On the issue of transparency, it said venture capital and private equity financial reporting has developed to a sophisticated level and satisfies the requirements of institutional and professional investors.

The Company Law Review Group was in favour of annual returns being filed that gave the name and address of the partners, the registered office, the place where the central management of the partnership occurred, whether in the State or not, the capital of the partnership, and the financial year-end.

Respectable veneer

According to Graham Barrow, an expert in the misuse of UK partnerships, one of their attractions has been the veneer of respectability that comes with them, which can be useful when opening bank accounts in the western banking system.

In the section of its website where it speaks about the benefits of Irish limited partnerships, the Idea Law Group says that, “thanks to Irish registration, even with offshore partners [the limited partnership] is free to work with any EU banks”.

The Afortis law firm offers to help clients who register Irish limited partnerships open an account with a fintech operator within 48 hours, in return for a fee of €750.

According to Cowdock, the 2017 reforms requiring Scottish partnerships to declare who their controllers are has not closed the door on their misuse.

“To prevent even more harm being done by these firms it is vital that the British Government brings forward reforms to Companies House to verify information submitted to it, while regulators must crack down on rogue formation agents who mass-produce limited partnerships for questionable clients.”

Las International and Company Advice, who operate out of the 5 Percy Street address in London, are owned, respectively, by a British/Russian accountant called Elena Yael Dovzhik (44), and by London-based Latvian national, Alisa Iurchenko (31).

Partnerships registered at their request in the UK have featured in a number of significant scandals reported in the press over recent years.

In responses posted online, Las International has said it is a regulated company formations agent and registered office address provider that, over the years, has filed more than 10,000 company formation applications to UK Companies House on behalf of clients.

“We are not involved in the business activities of the companies that purchased our services,” it said.

In email responses to The Irish Times about partnerships it has had registered being involved in criminal activity, Iurchenko said Las International collects the know-your-client (KYC) information required under anti-money laundering rules.

“Our clients only declare to us their international business activities for newly-incorporated companies, before their bank accounts are opened and their trading activities start.

“Despite very strict KYC measures in place, unfortunately there’s only so much we can do.”

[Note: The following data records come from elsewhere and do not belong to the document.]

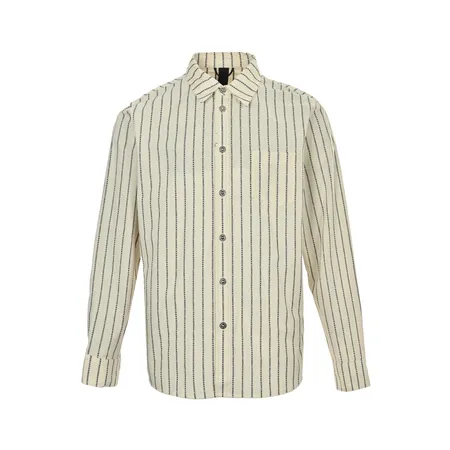 クロムハーツ シャツ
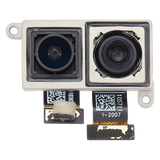 Replacement Back Camera Compatible with Asus ROG Phone 3 (ZS661KS)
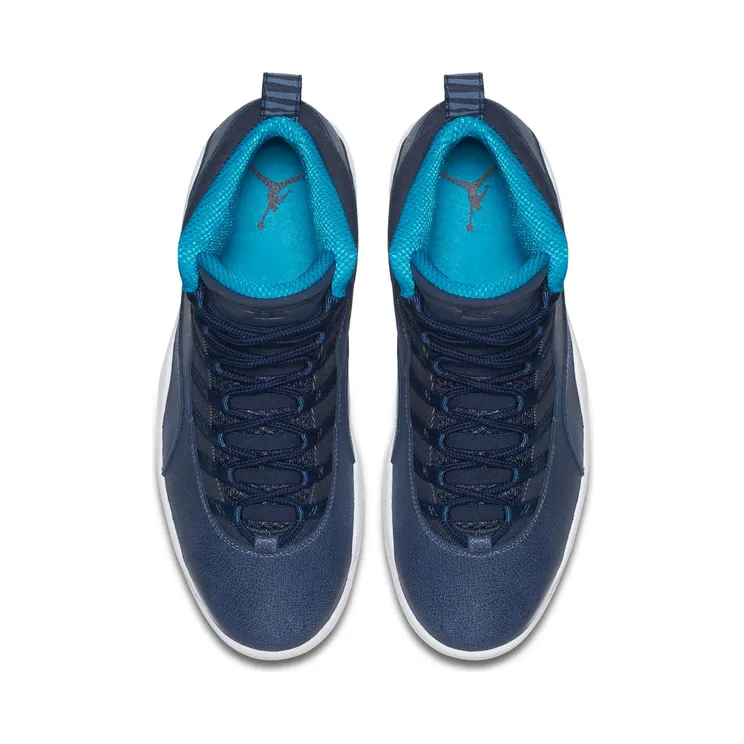 air-jordan-10 310805-404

Because of the lack of public transparency in Ireland in relation to limited partnerships, and the potential risks for Las International’s internal anti-money laundering compliance, “we decided to terminate our services for this type of company”, she said.

Closing loop holes

The Department of Enterprise, Trade and Employment said it is currently working on the heads of a Bill to reform the limited partnership regime.

Earlier this week, Tánaiste Leo Varadkar said the Government would move to close any tax or company law loopholes that allow people and businesses to use Ireland as a de facto offshore location.

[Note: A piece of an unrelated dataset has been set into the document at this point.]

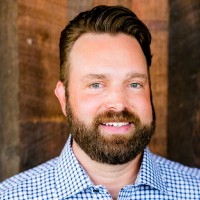 James Walker Email & Phone Number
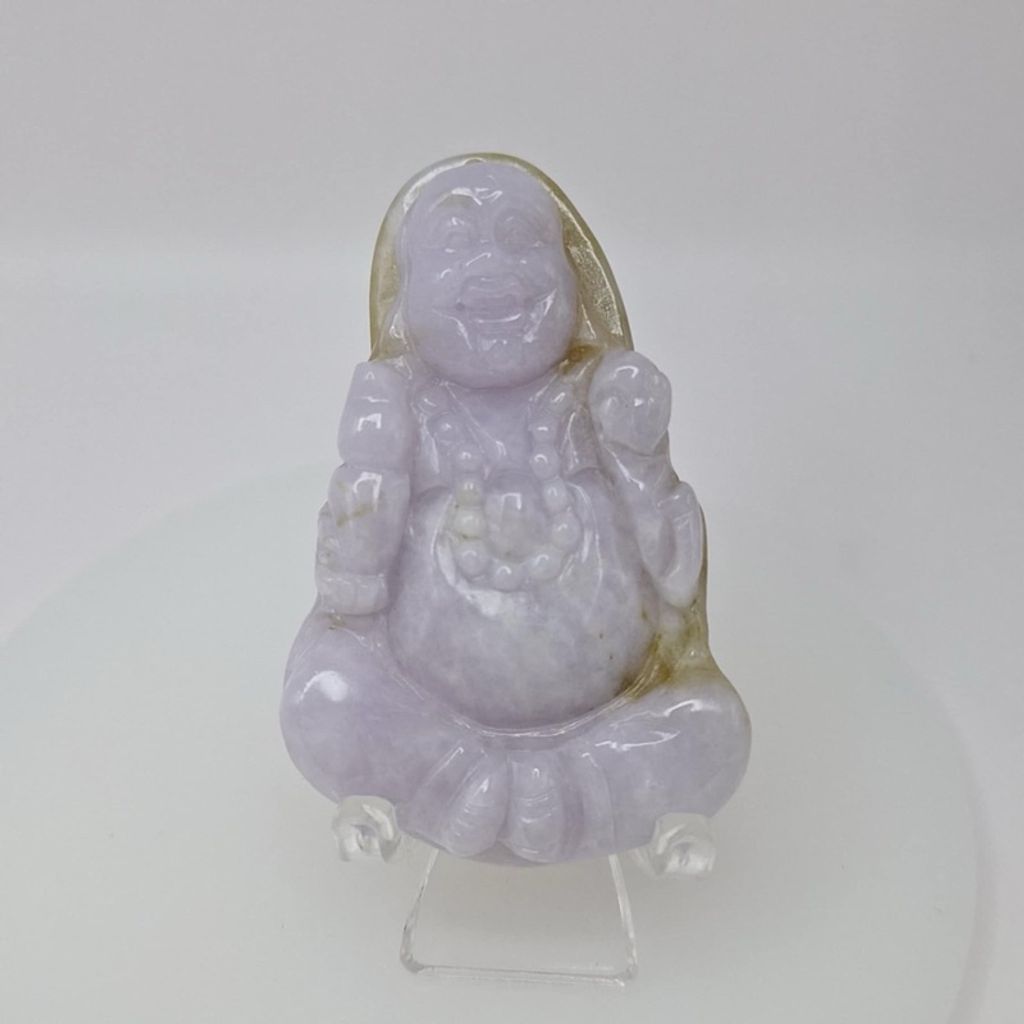 tw-11134207-7r98t-lxrk4z1g5sfa18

He said that some of the arrangements, revealed in documents as part of the Pandora Papers, would appear to be “dubious” and he said Ireland wants nothing to do with these structures.

“It would appear on the face of it that some of the arrangements that may be routed to Ireland are very dubious. We certainly don’t want to be part of any supply chain that people use to conceal their assets. There is nothing in that for us, we don’t want any part of it.”

He said the Government has initiated a review of tax and company law arrangements starting immediately.